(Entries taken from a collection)

+++

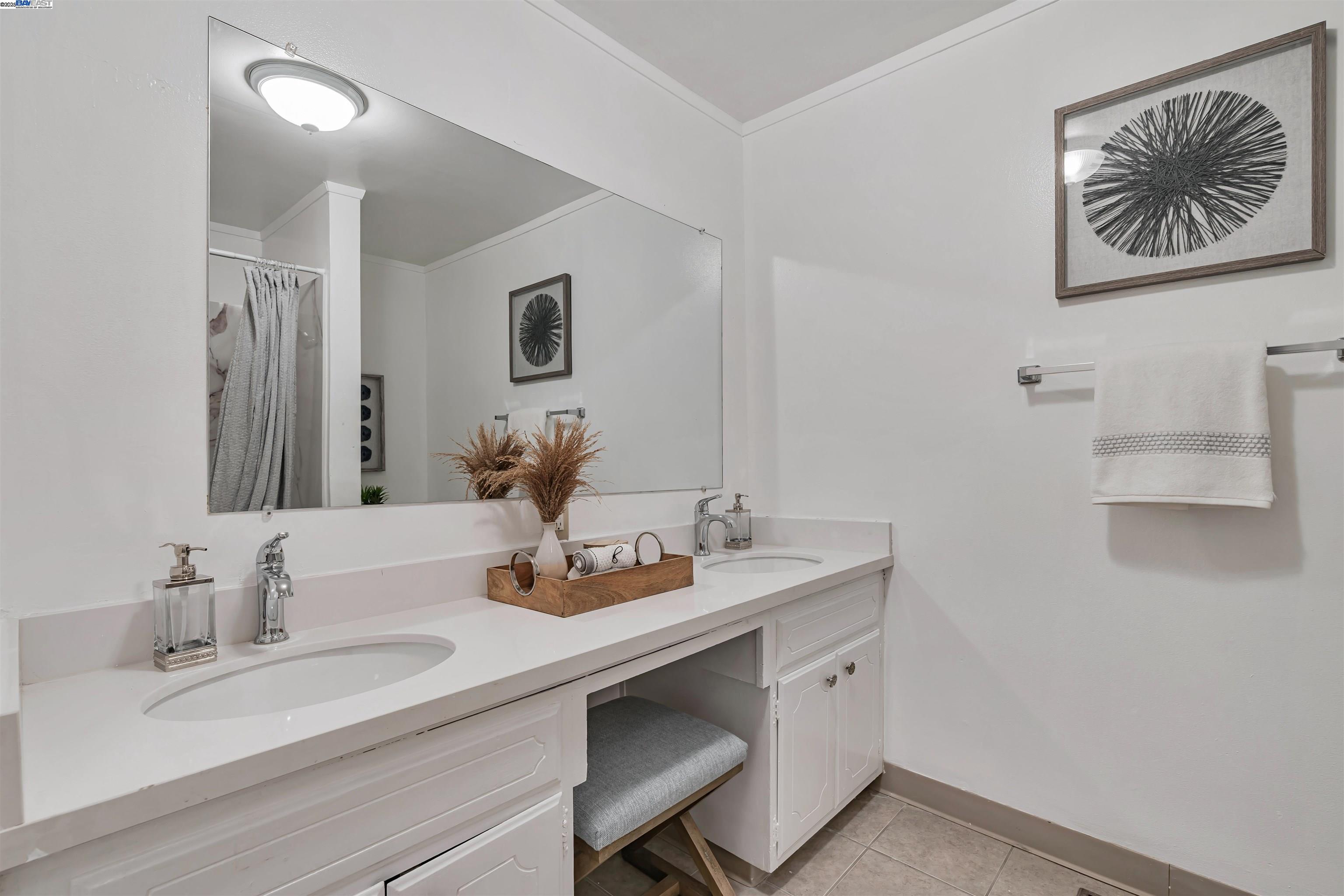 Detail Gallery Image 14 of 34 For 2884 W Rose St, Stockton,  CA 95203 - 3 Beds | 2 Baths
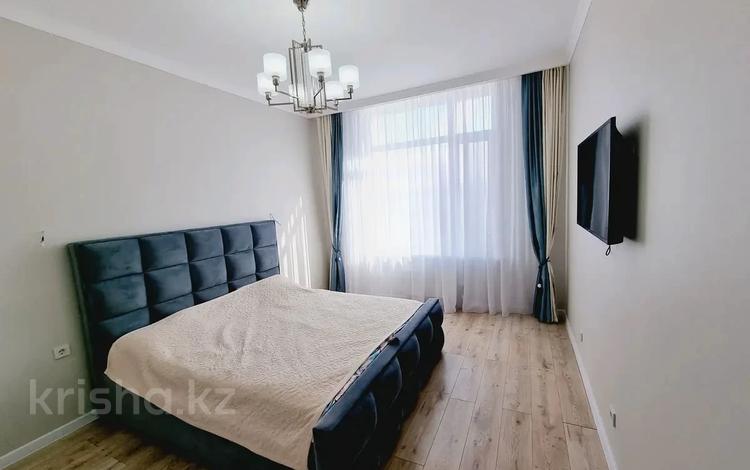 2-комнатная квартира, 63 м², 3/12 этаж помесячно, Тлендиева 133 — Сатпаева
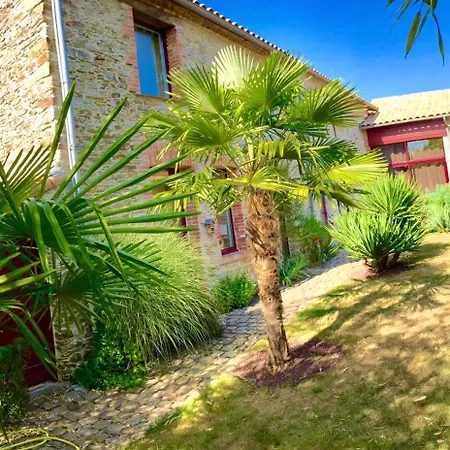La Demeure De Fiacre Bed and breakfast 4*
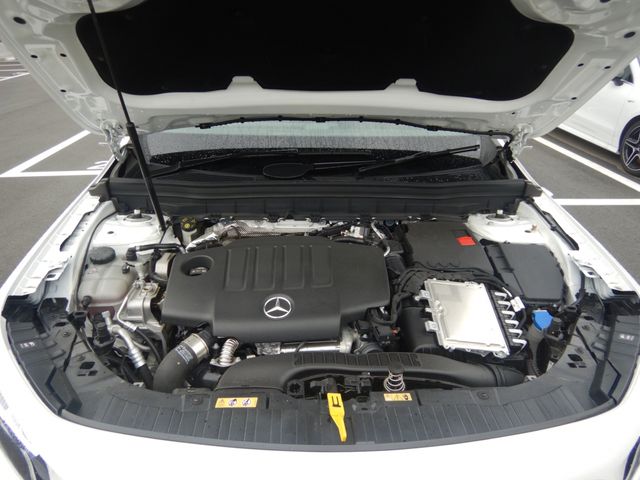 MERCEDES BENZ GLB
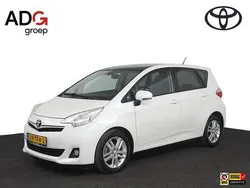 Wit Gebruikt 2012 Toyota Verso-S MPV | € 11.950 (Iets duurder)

+++

▶ **Work to be completed**
Nothing in the records should be changed in the copy, but the pictures must be left out.

▶ **Your response**
 Detail Gallery Image 14 of 34 For 2884 W Rose St, Stockton,  CA 95203 - 3 Beds | 2 Baths
 2-комнатная квартира, 63 м², 3/12 этаж помесячно, Тлендиева 133 — Сатпаева
La Demeure De Fiacre Bed and breakfast 4*
 MERCEDES BENZ GLB
 Wit Gebruikt 2012 Toyota Verso-S MPV | € 11.950 (Iets duurder)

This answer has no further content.